Everything from the line with "A modern kitchen" through the last line of the data below should be copied exactly, apart from the pictures.

• _INFORMATION SHOWN_
*** Begin section ***

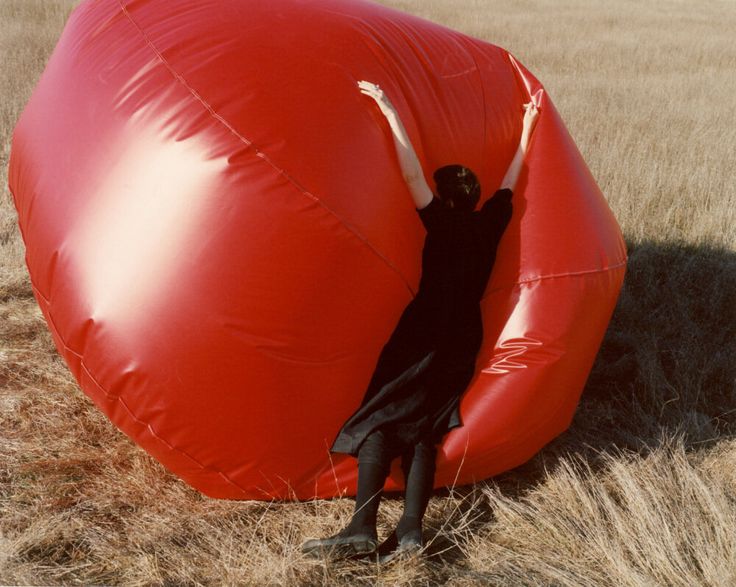 a woman standing in front of a large red balloon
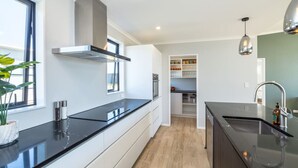 A modern kitchen with black countertops, white cabinetry, a stainless steel range hood, and a built-in oven. - Sunset On Syrah, Martinborough (Martinborough)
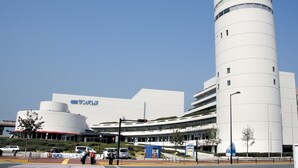 A modern building with a cylindrical tower and a flat-roofed section. - Tenjin Higashi Russo (Fukuoka)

*** End section ***

• _SOLUTION BELOW_
 A modern kitchen with black countertops, white cabinetry, a stainless steel range hood, and a built-in oven. - Sunset On Syrah, Martinborough (Martinborough)
 A modern building with a cylindrical tower and a flat-roofed section. - Tenjin Higashi Russo (Fukuoka)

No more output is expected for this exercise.